(Given entries)

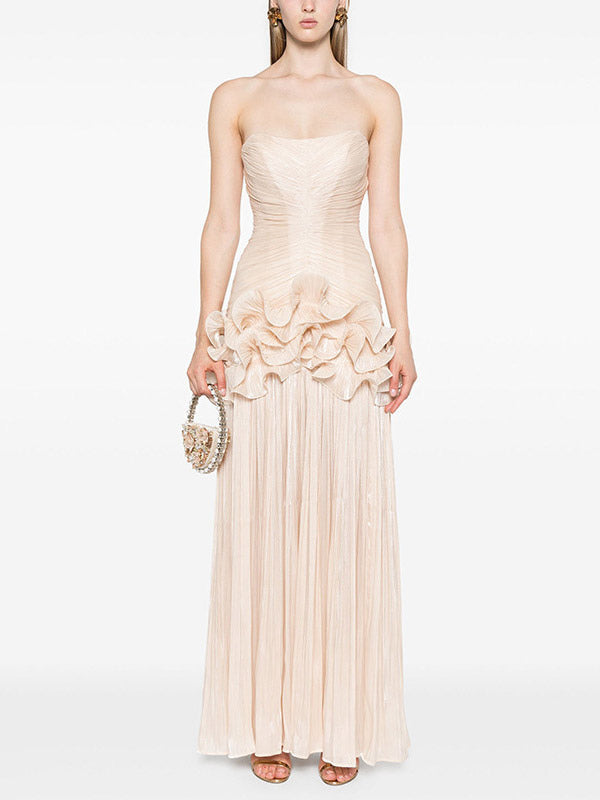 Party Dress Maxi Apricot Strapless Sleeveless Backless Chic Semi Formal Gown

(End Given entries)
(Given entries)

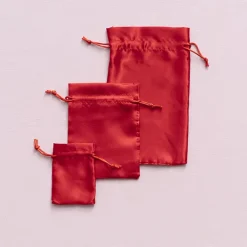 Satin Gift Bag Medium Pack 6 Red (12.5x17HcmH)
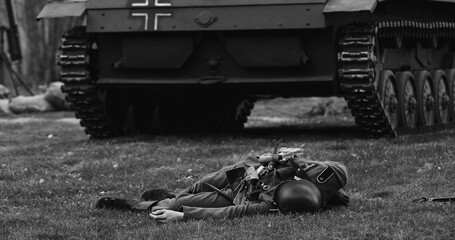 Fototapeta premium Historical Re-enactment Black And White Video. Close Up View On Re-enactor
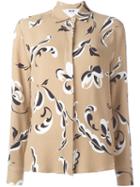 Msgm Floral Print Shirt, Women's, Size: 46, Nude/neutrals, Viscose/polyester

(End Given entries)

**Exercise objective**
Look above for the line with "Fototapeta premium Historical" and the line with "Msgm Floral Print", then restate exactly those two lines and all lines between them, with no pictures.

**Expected answer**
 Fototapeta premium Historical Re-enactment Black And White Video. Close Up View On Re-enactor
 Msgm Floral Print Shirt, Women's, Size: 46, Nude/neutrals, Viscose/polyester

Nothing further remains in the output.